Saskatchewan NDP Leader Carla Beck at the Saskatchewan Oil and Gas Show in June. Photo by Brian Zinchuk

By Kelly Geraldine Malone in Saskatoon

Opposition New Democrats Leader Carla Beck said it’s time to do the hard work to provide an alternative to the governing Saskatchewan Party in her first speech at the helm during the party’s annual convention.

“It’s going to take a lot of hard work, but we’ve never been afraid of that,” Beck said at the convention in Saskatoon Saturday.

Beck was the first woman elected to lead the Saskatchewan New Democrats when she stepped into the role in June after the resignation of former leader Ryan Meili earlier in the year. Meili’s departure followed the loss of NDP stronghold Athabasca in a byelection, demonstrating some divisions in the New Democrats.

It is the first in-person convention for the New Democrats in three years.

“Since we were last at a convention like this we’ve been through a bit: a global pandemic, a disappointing election, a leadership race,” Beck said.
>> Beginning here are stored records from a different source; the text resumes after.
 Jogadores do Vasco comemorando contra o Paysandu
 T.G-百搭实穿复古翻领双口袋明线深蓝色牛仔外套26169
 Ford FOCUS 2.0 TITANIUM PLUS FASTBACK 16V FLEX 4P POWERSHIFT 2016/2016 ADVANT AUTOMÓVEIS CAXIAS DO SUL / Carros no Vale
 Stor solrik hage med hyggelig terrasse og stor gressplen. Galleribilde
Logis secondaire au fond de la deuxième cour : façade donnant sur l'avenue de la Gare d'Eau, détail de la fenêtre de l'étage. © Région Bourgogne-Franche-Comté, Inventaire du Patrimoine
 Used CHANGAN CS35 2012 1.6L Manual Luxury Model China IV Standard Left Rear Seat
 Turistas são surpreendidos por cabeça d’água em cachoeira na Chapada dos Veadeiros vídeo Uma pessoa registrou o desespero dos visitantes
The convention’s theme is “building to win” and Beck said it marks the beginning of the New Democrats election campaign. She reiterated promises for plans to retain doctors, advance reconciliation and develop industry while reducing carbon emissions.
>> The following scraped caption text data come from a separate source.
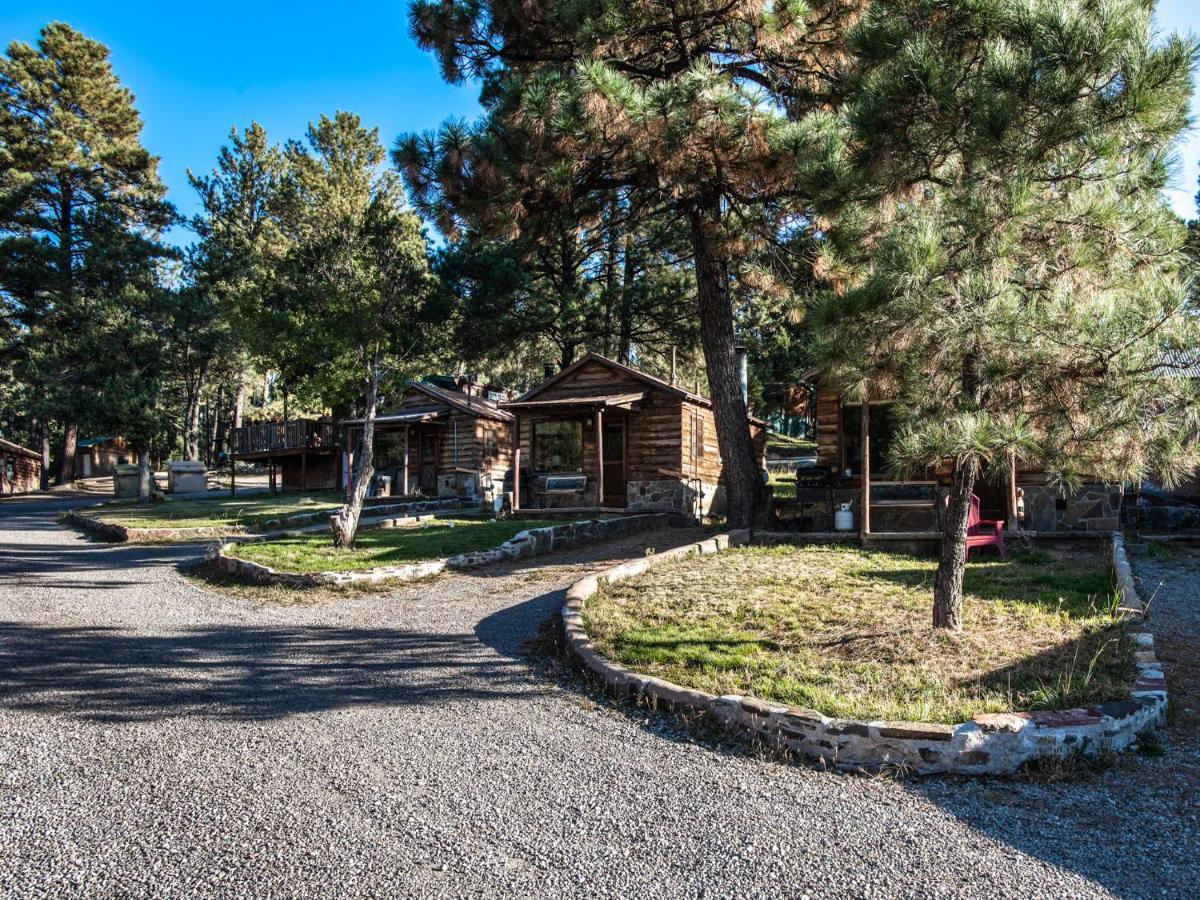 Apache Village Cabinette 15, Queen Bed, Midtown, Sleeps 2 Ruidoso Kültér fotó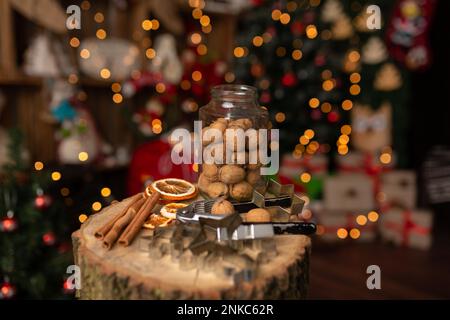 Weihnachtsszene mit wunderschönen Walnüssen und Bokeh im Hintergrund. Im Studio Stockfoto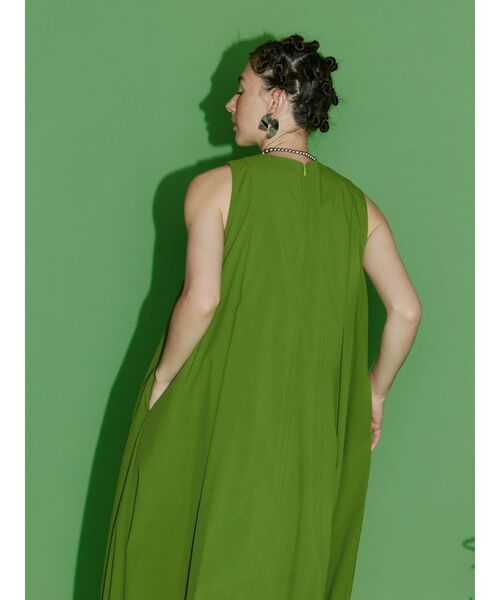 UN3D.(アンスリード)の「TUCK COCOON OP / タックコクーンワンピース(ワンピース・レディース・ライム/ブラック・36/38)」の15枚目の写真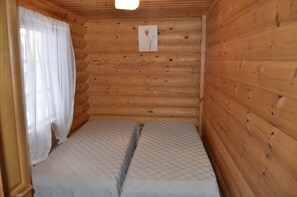 3 bedrooms, blackout curtains, free cots/infant beds, travel cot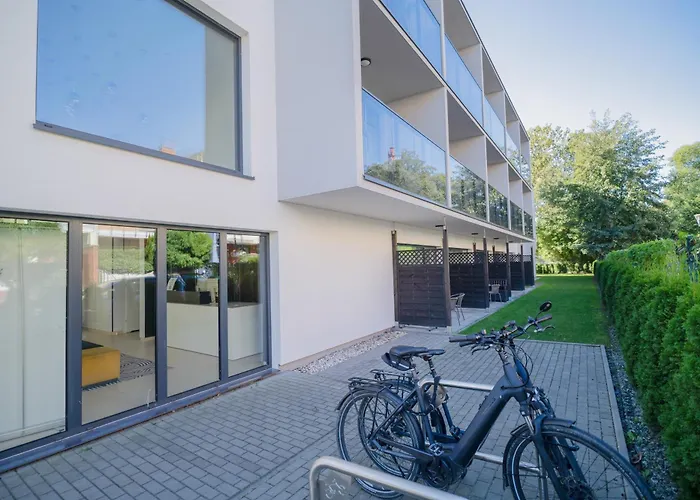 Flora - Z Aneksem I Klimatyzacja, Basen Netflix Lägenhet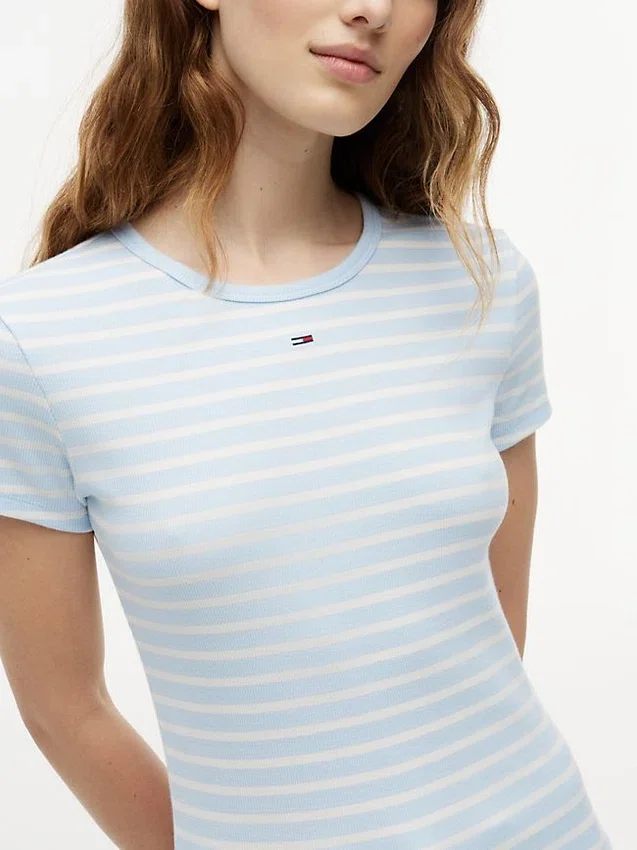 Camiseta Tommy Jeans Slim Stretch Ribbed Camiseta Tommy Jeans Slim Stretch Ribbed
Beck criticized the governing Saskatchewan Party for not doing more to keep doctors and health care workers in the province and said Premier Scott Moe plays political theatre to shore up the base. She said in the four months she’s been leader, people have told her they are tired of division, cuts and negativity.

“Saskatchewan New Democrats are the only ones that can deliver that change that so many people are looking for right across the province.”

The NDP has 12 of 61 seats in the Saskatchewan legislature, dropping its seat count in nearly every election since former premier Lorne Calvert won government in 2003.

The New Democrats received a needed boost when they achieved an overwhelming win in the byelection for Meili’s Saskatoon Meewasin riding.

While the next provincial election is still around two years away, the Saskatchewan Party has kept a stronghold on the province.

Polling has shown the Saskatchewan Party government still has strong support, although they’ve been criticized for their response to health care and inflation.

Lori Johb, president of the Saskatchewan Federation of Labour, spoke at the convention saying that the increases to cost of living means workers are struggling to get by. They are taking second jobs or leaving the province altogether, she said.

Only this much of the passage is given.